I was making my way up the west coast of the USA to Canada, through the lovely Portland to Seattle. It was in Seattle, the home of Starbucks and Nirvana that all this came about. It is because while I was in Seattle I joined The Screamin’ Eagles, Seattle’s fiercest motorcycle crew. We took on the mean city streets on two wheels, stealing from the rich, giving to the poor. Live fast. Die young. Badassmutherfuckers.
It was also, less that and more three people who hired scooters and went sightseeing and pretended to be in a biker gang.
I wasn't confident to hire a car and drive on the other side of the road but I took no convincing to do the same thing on two wheels with less metal around me. So we hired scooters.
“Have you ridden a bike before” the owner asks as I sit on the bike.
“Ah… yeah, like a bicycle”
For some reason that was decent enough experience, and he rattled off a lot instructions. gas. brake. honk. gas. gas. gas.
“You think you got it”? he asked.
I did a few turns around the alley way and was obviously fully qualified to take it on the roads of one of America’s biggest cities.
With unwarranted confidence, I started it up and we took off, cruising through the city, along the water’s edge, dodging tourists around the market towards our first stop, the city’s meanest biker bar, and by biker bar I obviously mean Target. We parked our three scooters next to each other in the underground car park and went looking at dresses in Target. Baaaaaaadassss.
Our gang was fierce. We gave ourselves new gang names, rode in an eagle formation and kicked out our feet as wings.
My gang members were two girls from Wisconsin who I had met in Portland a few days before.
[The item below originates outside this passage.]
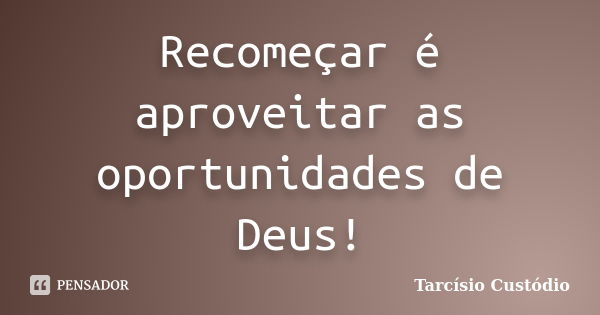 Recomeçar é aproveitar as oportunidades de Deus!... Frase de Tarcísio Custódio.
It's not every day that you meet great people at a hostel, but when Porkchop took a fall and ripped the knee out of her jeans (and was renamed Bloody Porkchop) and returned from Walgreens with a green bandana tied around her knee in the ultimate commitment to the sport of gang make-believe, I knew I had met some great people and perfect fellow gang members for an imaginary motorcycle gang.
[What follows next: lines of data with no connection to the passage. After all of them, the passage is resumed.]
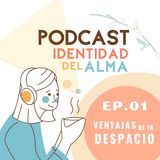 EP.1  "Ventajas de ir DESPACIO en una sociedad adicta a la inmediatez".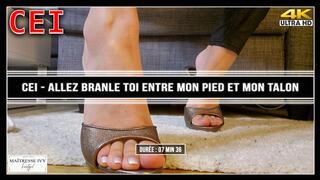 CEI - Allez branle toi entre mon pied et mon talon 4K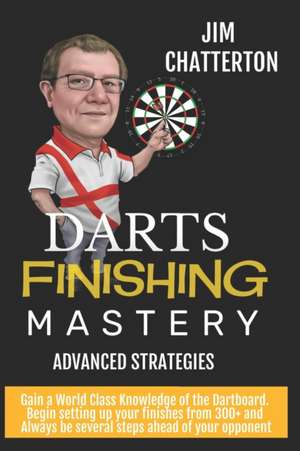 Darts Finishing Mastery de Jim Chatterton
We took in Seattle’s famous Pike Place Market where people throw fish. We stopped for lunch at a craft brewery, because Washington loves craft breweries and sampled a local cherry cider. Back on the bikes, I’d forgotten most everything that I had listened to, but nevertheless, took off through the city again and slowly out of town over a massive bridge. My bike was only 49cc so at full-throttle up a bridge I put putt-putted so slowly cars were going around me. We got out of the city into the wilderness, parked the bikes and embarked on a hike through a nature reserve to the sea and admired Washington's famous natural beauty. City sights, check. Nature sights, check. We zipped back in to the city and across town, riding in our gang until the sun set and we could barely see any more.
Our gang returned our rentals the next day, we had ridden 50 miles and put $1.30 of petrol in to return it, I over filled mine because I didn't listen the day before regarding the filling instructions. I also couldn't use the gas pump because when it asked for my zip code I obviously just put in 90210 which seemed like a foolproof option.
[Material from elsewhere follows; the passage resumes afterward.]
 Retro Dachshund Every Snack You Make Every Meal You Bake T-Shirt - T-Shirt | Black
We hung up our helmets and shut off the ignition on our biker careers and continued on foot, a gang on street patrol. It was only a natural progression that The Screamin’ Eagles would then evolve into an all-girl punk band. After some music history and technical training on the interactive floor of the very cool EMP Museum in Seattle (singing into a voice filter, mixing records, learning the intro to The Kinks on keyboard) The Bleeding Porkchops (in honour of our injured gang member Porkchop) were formed and I became the lead guitarist as we recorded a video clip to Joan Jett’s I Love Rock and Roll. We clearly did not need to ever hear the audio or see the video again which was available for purchase, but I got a ticket stub and a guitar pick to remember the glory days of The Bleeding Pork Chops as we were forced to disband a day later when my journey continued north to Canada, and my lead singer and drummer returned back east.
The Pacific Northwest is full of beautiful natural wonders; wilderness, mountains and an epic coastline. It has great, energetic cities with eco-friendly, music loving, foodie, coffee drinking, craft brewing hipsters who go hiking or cycling for fun. It's a great part of America to travel, once you take out the fierce bike gangs and punk bands who threaten the serenity.
Bleed green. The Screamin’ Eagles 4eva.